Gartner has recently put forth a formal definition for Big Data: “Big Data are high-volume, high-velocity, and/or high-variety information assets that require new forms of processing to enable enhanced decision making, insight discovery and process optimization.” For those of you new to Big Data problems, the definition includes three critical “V”’s often referred to as the “3 V’s of Big Data”: volume, velocity and variety. And the fourth critical piece of the definition is “…require[s] new forms of processing…” – i.e., a novel approach to the management of data.
Here’s why that’s critical. Vendors, companies and individuals love to throw out the dictum that they have handled big data problems before big data was big. But it just ain’t so! Yes, 10 years ago, a gigabyte of data was a lot for a system to handle efficiently. Kudos for those who successfully manipulated data sets of that size.

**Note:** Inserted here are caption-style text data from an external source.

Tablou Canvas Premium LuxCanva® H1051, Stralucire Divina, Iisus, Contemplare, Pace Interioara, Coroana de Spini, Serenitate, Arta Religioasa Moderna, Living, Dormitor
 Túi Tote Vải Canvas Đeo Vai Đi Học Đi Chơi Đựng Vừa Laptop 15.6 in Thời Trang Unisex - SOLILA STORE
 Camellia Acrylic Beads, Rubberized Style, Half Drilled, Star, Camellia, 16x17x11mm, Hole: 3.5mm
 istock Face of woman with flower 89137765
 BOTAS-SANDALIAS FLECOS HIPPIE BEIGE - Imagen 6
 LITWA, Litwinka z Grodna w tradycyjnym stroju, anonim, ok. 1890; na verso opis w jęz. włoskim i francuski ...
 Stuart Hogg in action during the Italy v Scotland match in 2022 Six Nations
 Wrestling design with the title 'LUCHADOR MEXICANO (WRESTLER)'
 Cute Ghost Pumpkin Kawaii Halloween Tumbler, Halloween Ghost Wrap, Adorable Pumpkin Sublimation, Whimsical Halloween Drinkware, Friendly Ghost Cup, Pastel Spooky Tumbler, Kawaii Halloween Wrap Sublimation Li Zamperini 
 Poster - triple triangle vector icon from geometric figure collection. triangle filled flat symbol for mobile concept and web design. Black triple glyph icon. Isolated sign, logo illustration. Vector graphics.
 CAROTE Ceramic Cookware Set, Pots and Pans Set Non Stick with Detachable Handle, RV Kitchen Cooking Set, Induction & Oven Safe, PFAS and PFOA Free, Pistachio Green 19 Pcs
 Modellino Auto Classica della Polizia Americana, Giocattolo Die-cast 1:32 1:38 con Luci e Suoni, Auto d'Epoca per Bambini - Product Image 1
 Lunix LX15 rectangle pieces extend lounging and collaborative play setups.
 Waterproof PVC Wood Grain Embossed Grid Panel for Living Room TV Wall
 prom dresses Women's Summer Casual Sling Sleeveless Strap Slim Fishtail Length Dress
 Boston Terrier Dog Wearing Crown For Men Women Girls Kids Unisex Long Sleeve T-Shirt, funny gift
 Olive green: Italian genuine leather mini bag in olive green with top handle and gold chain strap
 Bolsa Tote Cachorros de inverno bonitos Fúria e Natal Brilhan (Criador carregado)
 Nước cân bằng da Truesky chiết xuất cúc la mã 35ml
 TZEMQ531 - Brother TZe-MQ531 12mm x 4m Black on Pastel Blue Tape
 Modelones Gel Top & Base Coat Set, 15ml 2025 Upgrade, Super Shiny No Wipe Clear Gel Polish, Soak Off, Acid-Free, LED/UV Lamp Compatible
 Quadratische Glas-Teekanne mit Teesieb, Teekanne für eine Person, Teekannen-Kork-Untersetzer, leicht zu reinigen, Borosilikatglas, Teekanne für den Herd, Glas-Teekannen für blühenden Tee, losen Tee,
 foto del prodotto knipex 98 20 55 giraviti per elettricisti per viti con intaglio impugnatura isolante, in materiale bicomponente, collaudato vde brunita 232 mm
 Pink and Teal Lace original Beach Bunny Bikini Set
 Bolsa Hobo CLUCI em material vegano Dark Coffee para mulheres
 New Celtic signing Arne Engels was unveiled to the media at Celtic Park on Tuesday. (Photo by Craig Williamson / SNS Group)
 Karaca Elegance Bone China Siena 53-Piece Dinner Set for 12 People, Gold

And in 10 years from now, a petabyte may not seem like a lot of data, so the future you may question why you struggled with “only a petabyte”. But just because you have “volume” doesn’t mean that you know how to work with big data problems.
The reality is that these big data problems are of a class that are just plain difficult or impossible to solve with traditional approaches. (For those of you that need specifics – I’m talking about relational data models!) Big data doesn’t mean that you must use NoSQL or other technologies, but it does mean that you need to approach the problem with a new approach, typically by implementing a highly parallel processing algorithm such as Mapreduce (though, again, it doesn’t have to be Mapreduce).
So if you are talking to a vendor who is touting their big data experience, and they say they’ve been solving these types of problems for years and years – be wary. They are giving you a “marketing answer”. Dig in. Understand what they are really doing, and understand if their solution really meets your needs. They may certainly be a great choice for you but, equally, they may not.